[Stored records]

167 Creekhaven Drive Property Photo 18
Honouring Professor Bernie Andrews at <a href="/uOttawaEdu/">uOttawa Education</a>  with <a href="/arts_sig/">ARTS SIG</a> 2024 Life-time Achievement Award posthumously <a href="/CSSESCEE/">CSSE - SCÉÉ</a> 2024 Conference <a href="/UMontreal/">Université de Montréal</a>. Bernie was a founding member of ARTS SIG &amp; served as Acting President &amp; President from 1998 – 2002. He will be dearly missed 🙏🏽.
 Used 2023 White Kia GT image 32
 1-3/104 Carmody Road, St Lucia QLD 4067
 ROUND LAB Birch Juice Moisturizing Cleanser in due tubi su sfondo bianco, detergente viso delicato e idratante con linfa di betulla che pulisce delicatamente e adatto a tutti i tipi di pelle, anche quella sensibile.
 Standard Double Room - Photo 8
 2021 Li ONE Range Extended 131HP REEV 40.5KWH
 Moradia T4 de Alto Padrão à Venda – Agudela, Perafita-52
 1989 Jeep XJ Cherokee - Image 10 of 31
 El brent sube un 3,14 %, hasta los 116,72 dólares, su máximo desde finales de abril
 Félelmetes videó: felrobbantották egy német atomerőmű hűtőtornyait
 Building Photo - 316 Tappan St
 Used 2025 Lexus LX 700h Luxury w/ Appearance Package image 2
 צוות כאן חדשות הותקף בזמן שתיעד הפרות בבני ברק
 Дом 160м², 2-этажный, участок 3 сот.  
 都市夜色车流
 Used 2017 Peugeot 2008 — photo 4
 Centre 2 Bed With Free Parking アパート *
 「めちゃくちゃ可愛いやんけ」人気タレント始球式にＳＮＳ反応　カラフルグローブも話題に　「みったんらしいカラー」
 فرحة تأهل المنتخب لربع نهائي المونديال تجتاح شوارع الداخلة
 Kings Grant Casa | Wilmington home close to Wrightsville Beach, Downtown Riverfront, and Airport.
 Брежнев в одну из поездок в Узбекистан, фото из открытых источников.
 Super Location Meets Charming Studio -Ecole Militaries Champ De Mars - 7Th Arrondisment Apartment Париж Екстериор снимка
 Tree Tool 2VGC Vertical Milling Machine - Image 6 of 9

The task:
Exactly the lines from the one with "Moradia T4 de" through the end of the entries, both included, should be written out, and no others.

Solved exercise:
 Moradia T4 de Alto Padrão à Venda – Agudela, Perafita-52
 1989 Jeep XJ Cherokee - Image 10 of 31
 El brent sube un 3,14 %, hasta los 116,72 dólares, su máximo desde finales de abril
 Félelmetes videó: felrobbantották egy német atomerőmű hűtőtornyait
 Building Photo - 316 Tappan St
 Used 2025 Lexus LX 700h Luxury w/ Appearance Package image 2
 צוות כאן חדשות הותקף בזמן שתיעד הפרות בבני ברק
 Дом 160м², 2-этажный, участок 3 сот.  
 都市夜色车流
 Used 2017 Peugeot 2008 — photo 4
 Centre 2 Bed With Free Parking アパート *
 「めちゃくちゃ可愛いやんけ」人気タレント始球式にＳＮＳ反応　カラフルグローブも話題に　「みったんらしいカラー」
 فرحة تأهل المنتخب لربع نهائي المونديال تجتاح شوارع الداخلة
 Kings Grant Casa | Wilmington home close to Wrightsville Beach, Downtown Riverfront, and Airport.
 Брежнев в одну из поездок в Узбекистан, фото из открытых источников.
 Super Location Meets Charming Studio -Ecole Militaries Champ De Mars - 7Th Arrondisment Apartment Париж Екстериор снимка
 Tree Tool 2VGC Vertical Milling Machine - Image 6 of 9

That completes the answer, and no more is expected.